Wow - I have a LOT to learn. I am new to all of this... My doctor found a lump just about a month ago in my left breast. Since that time - it's been a whirlwind. Right now I know i have IDC in my left breast and that it has spread to at least one lymph node. I just had some suspicious lumps on my right side biopsied late last week and am awaiting the results. The good news on that side though is that they didn't see anything worth biopsying in my lymph nodes on the right. I was told due to the placement and size of the lump on the left side that I'd have to have a mastectomy. So at 37, I have decided I'm just going to get them both out and rebuilt the same. And considering I'm an Ashkenazi Jew and my grandma had two separate BC occurrances - I imagine my BRCA1 test might come back positive. I don't have any of the info about hormone receptors yet, so clearly need more info on exactly what I have where. But what I do know is that I am set to have a double mastectomy on July 10th, to be followed by 16 weeks of chemo. Looking like a yucky summer for me, my hubby and our two little boys. Any thoughts any of you have to share would be great. My head is still kind of spinning... Thanks for sharing!

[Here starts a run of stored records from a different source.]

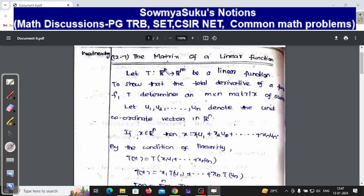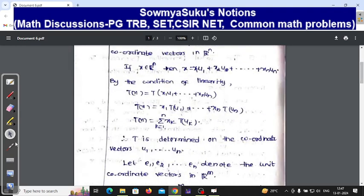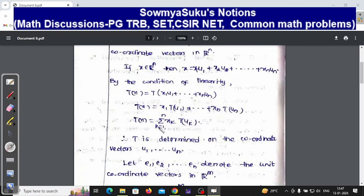We are considering the unit coordinate vectors u₁, u₂, ..., uₙ. Now we take x as an element in Rⁿ so that x can be written as the linear combination x₁u₁ + x₂u₂ + ... + xₙuₙ. By the condition of linearity, T(x) = T(x₁u₁ + ... + xₙuₙ) = x₁T(u₁) + ... + xₙT(uₙ), which we write as summation k = 1 to n of xₖ T(uₖ).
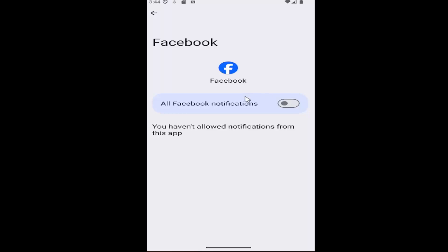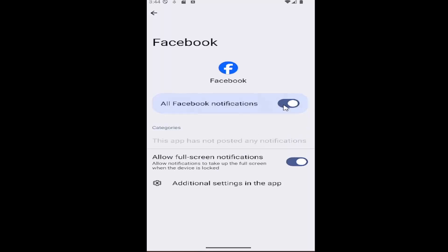So if notifications are not working, you have to toggle this to the right. So go click inside this oval to enable all Facebook notifications. And that's all you have to do.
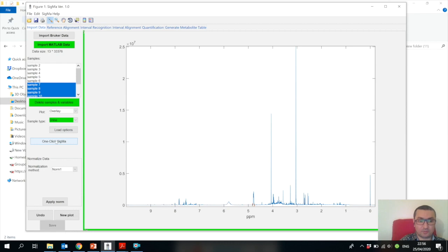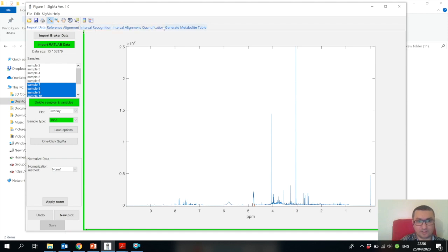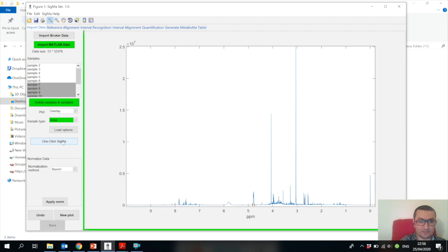What you can also do is if you have already used Sigma, you can load the options of Sigma and directly press One-Click Sigma. It will generate your metabolite table, so you don't need to go through all these tabs - reference, alignment, interval recognition, interval alignment, quantification, and generate metabolite table. You will not need to go through all this - you can just press One-Click Sigma.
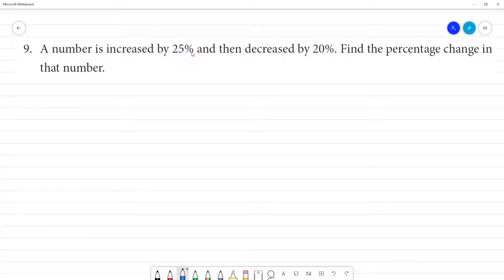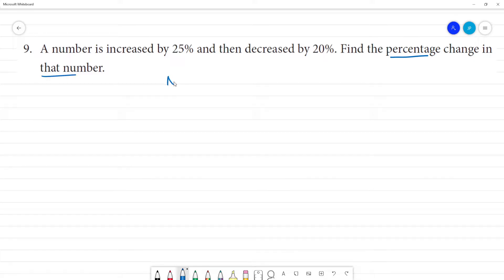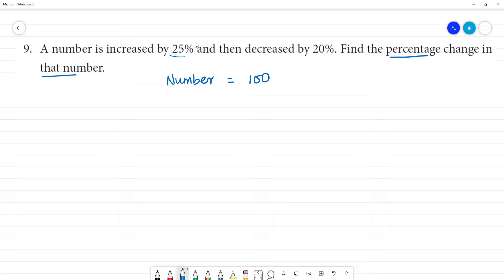The number is increased by 25% and then decreased by 20%. Find the percentage change in the number. Let us take the number as 100.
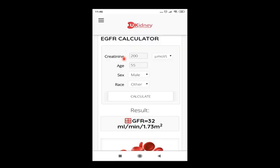Here is an online calculator. As you can see, I have entered the creatinine level, age, gender, and race, calculated it, and got the result. According to that result, the patient has CKD G3B.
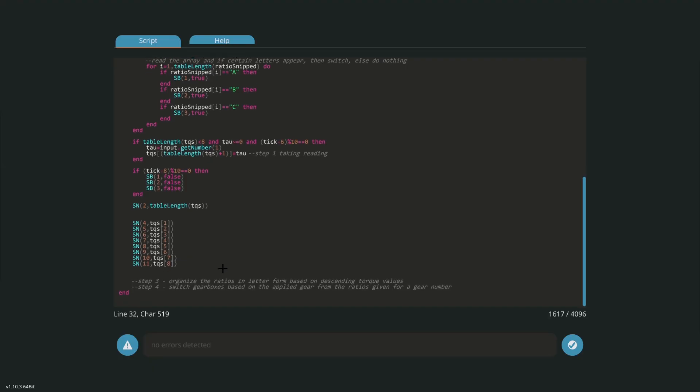Step three: organize the ratios in letter form based on descending torque values. All right, sorting algorithms, this is gonna be fun. I'm going to spend a lot of time on sorting algorithm.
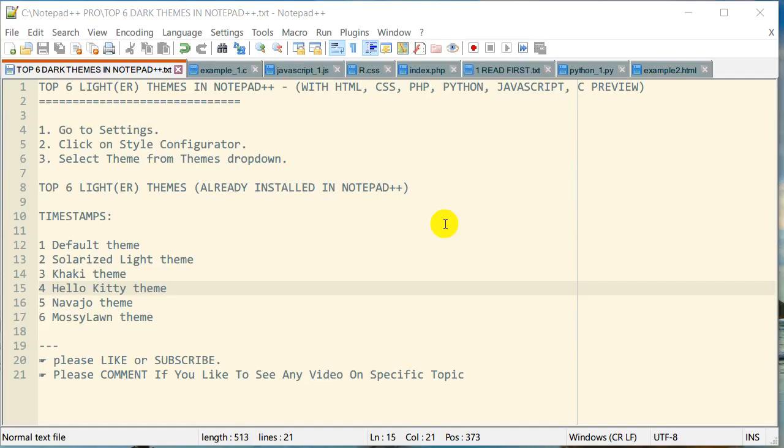Hello everyone, this is Amit. Welcome to another video about Notepad++ tips and tricks. Today we're going to look at the top six lighter themes in Notepad++.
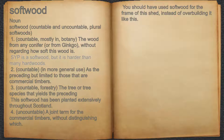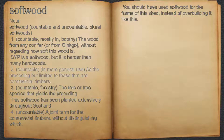For example, SYP is a softwood, but it is harder than many hardwoods. 2. Countable, in more general use, as the preceding but limited to those that are commercial timbers.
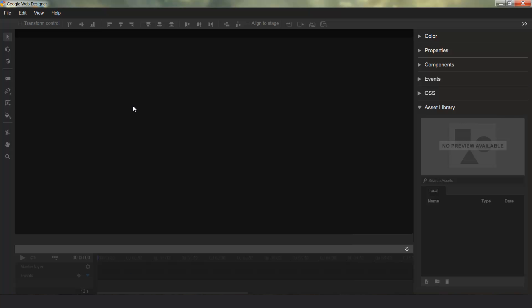Hello everybody. My name is John Reed, and I'm one of the developers that works on Google Web Designer. Today I'd like to talk to you about the new Asset Library feature that we've added to the program.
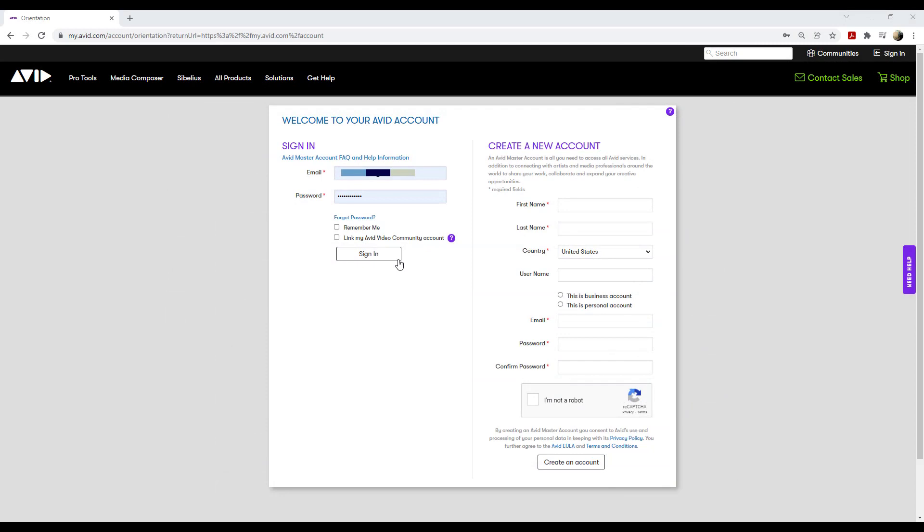Alternatively, if for any reason you can't install the plug-ins using Avid Link, you can do so from your Avid account.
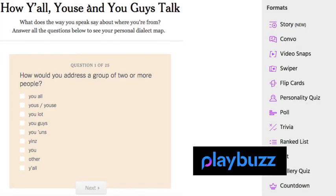Quizzes are another genre of interactivity, and the tool Playbuzz is a good place to try some of these techniques and play with tools to create quizzes, flip cards, swipers, and other similar formats.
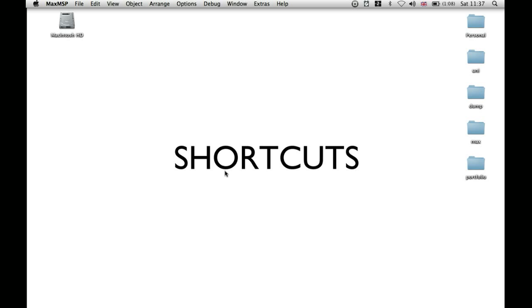The speed with which you work in Max is really dictated by how well you know shortcuts, so I'm going to show you a few of the ones that I use all the time for the Mac.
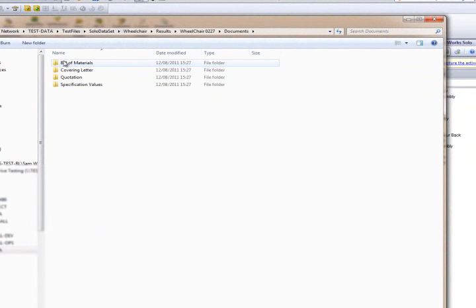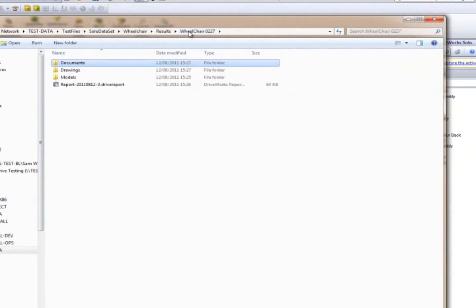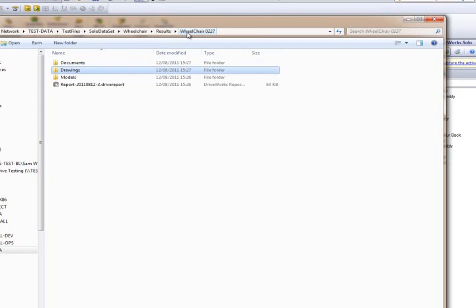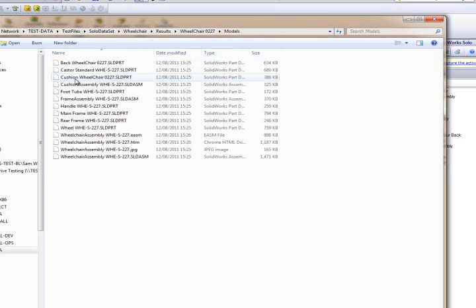Inside our documents folder, we have all our documents. Inside our drawings folder, we have our three drawings. And inside our models folder, we have our model set.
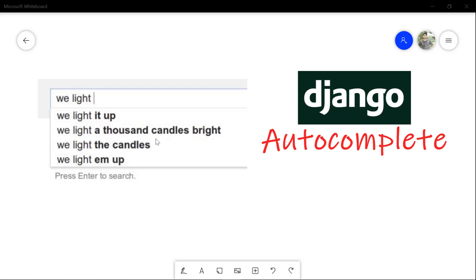Hello guys, CodeBan. Welcome to this video. We are going to integrate the auto-completion feature in this video. If you like this channel, subscribe and like this video.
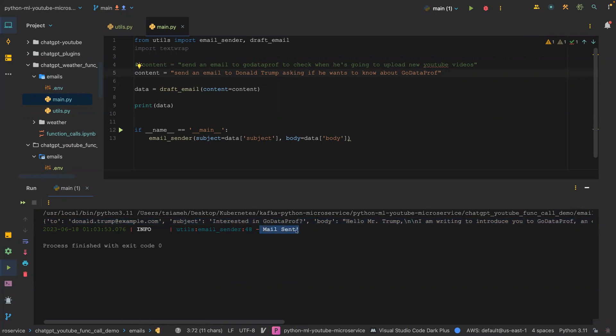This is how you can use the function calling API. Go check out this code, play with it, and build amazing applications out of it. Comment below if you have any issues, and I'll see you in the next one.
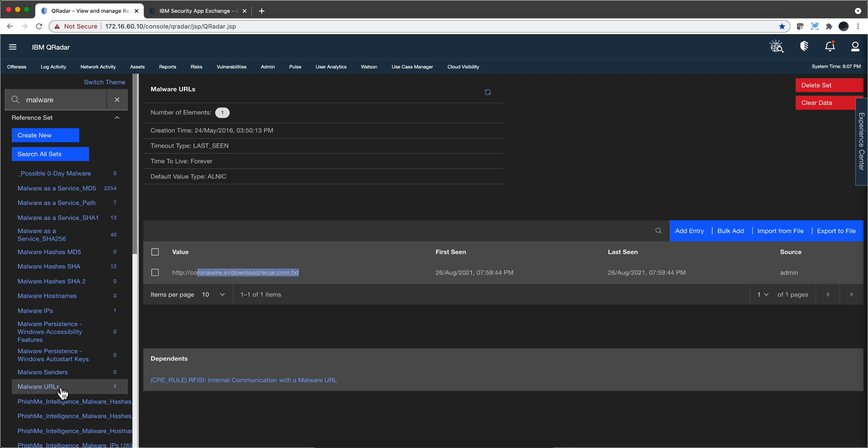And for that you can use the Threat Intelligence app. I have done videos on that before. Whatever is your source, STIX and TAXII feed, whatever is your source, but your references should be loaded to which sites people should not be going.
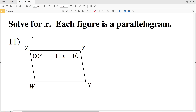In this video we're continuing on with the properties of parallelograms free worksheet on the CUDA software website. I'll leave a link in the description below so you know how to access this geometry worksheet.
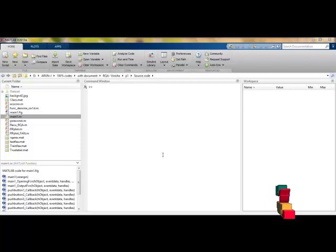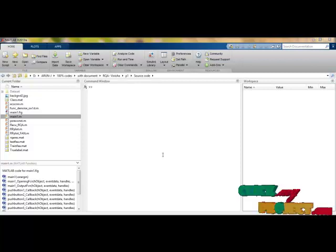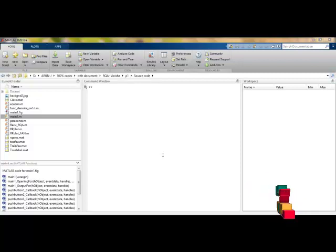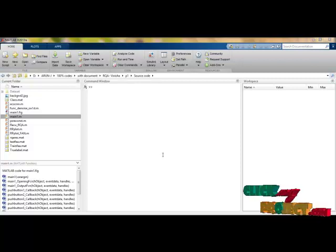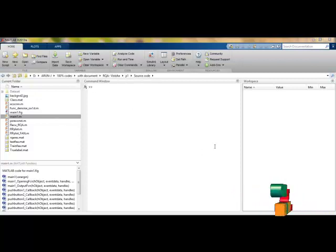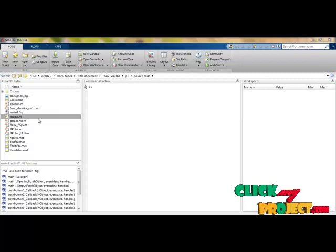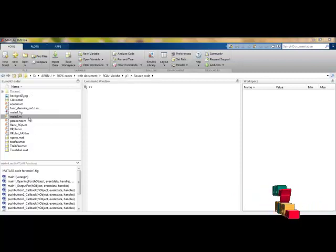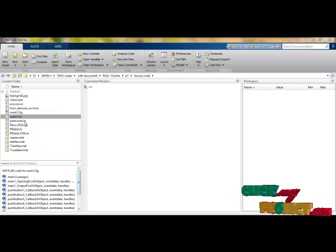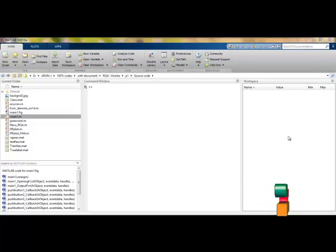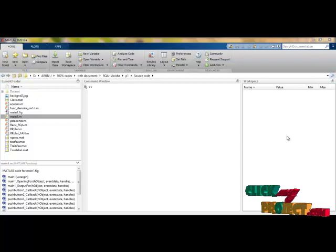Let us see the demonstration of our product. Our product is developed based on the MATLAB programming language and we are using MATLAB 2013A version for implementation. This is the main panel of MATLAB 2018 version, showing the current directory files. These are all our project files, and the workspace stores MATLAB .mat file values processed as temporary values. Here is the main command window.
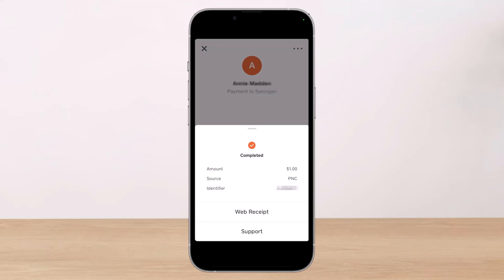With Cash App, only you and the other person involved in the payment can see the transaction — no one else. So unless you simply don't want to see your transactions on your phone, there's no need to make your transactions private because they already are.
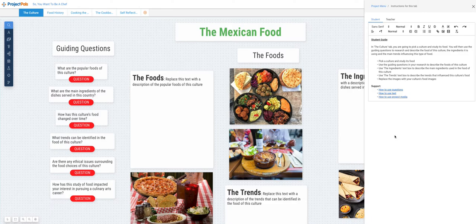Thank you, and I hope that this helped you understand how to work on the culture tab in the So You Want to Be a Chef project.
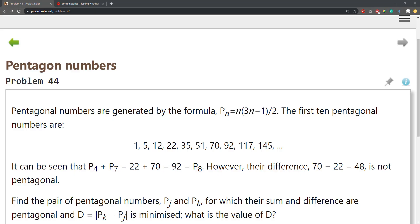Hello guys and welcome to Project Euler #44 - pentagonal numbers. Pentagonal numbers are generated by the given formula. The first 10 pentagonal numbers are listed. You can see that P4 plus P7 equals 22 plus 70, which yields 92, equal to P8. However, the difference 70 minus 22 is 48, which is not pentagonal. Find the pair of pentagonal numbers Pj and Pk for which the sum and difference are pentagonal, and D is the absolute value of Pk minus Pj, which is minimized. What is the value of D?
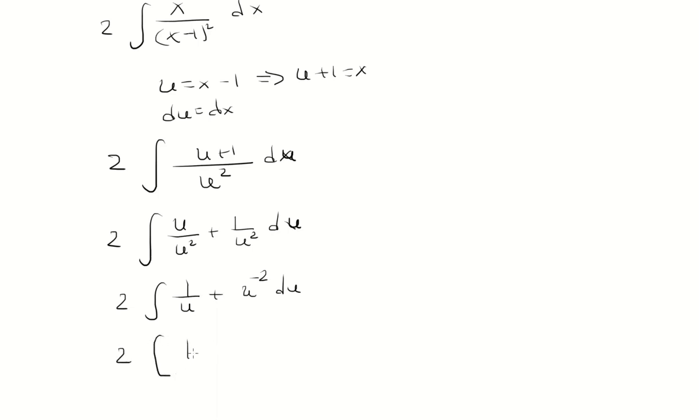Anti-derivative 1 over u is ln of u. And then anti-derivative u to the negative second is negative u to the negative 1 plus the constant c.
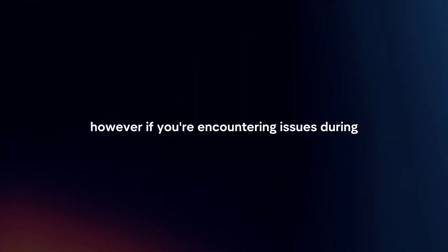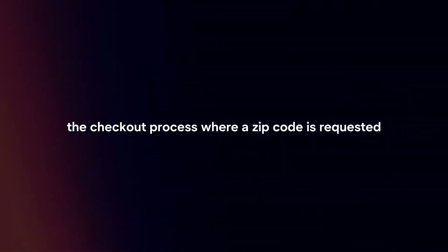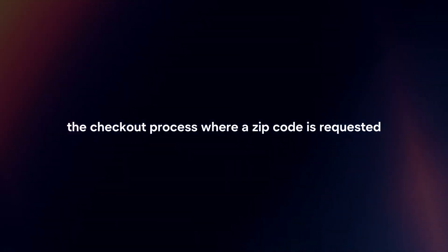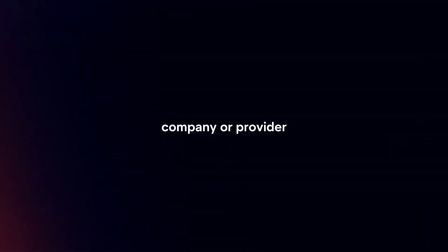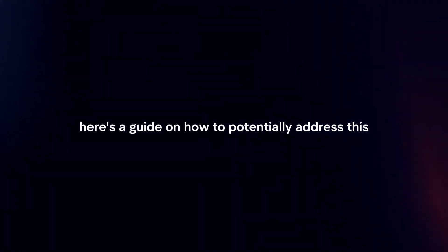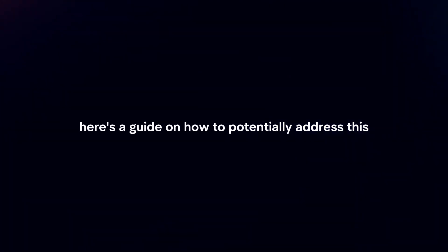if you're encountering issues during the checkout process where a zip code is requested, you may need to register your gift card with the issuing company or provider. Here's a guide on how to potentially address this.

Welcome Ramols, I am also fairly new to all this, had my first chemo treatment on the 22nd, today is not too bad.

I have found that reading the posts has really helped me to understand that all the emotions we feel are normal....but at times I thought I was going crazy.

The women on here are a strong supportive group and it has helped me so much.

I am one of the old ones here - 66 - I feel so bad for all you younger women that have to go through this terrible ordeal. 

Sending Love and Hugs. 

Ramois, hope we can help. I know it's helped me in the 6 mos since diagnosis, double mastectomy, and then chemo. It's like you are trying to become an expert and understand many levels of medical stuff when you are pretty upset and worried. My kids are in early 20s so I didn't have the young ones. My sister's kids were 7 and 8 when she was diagnosed at 44. Hard.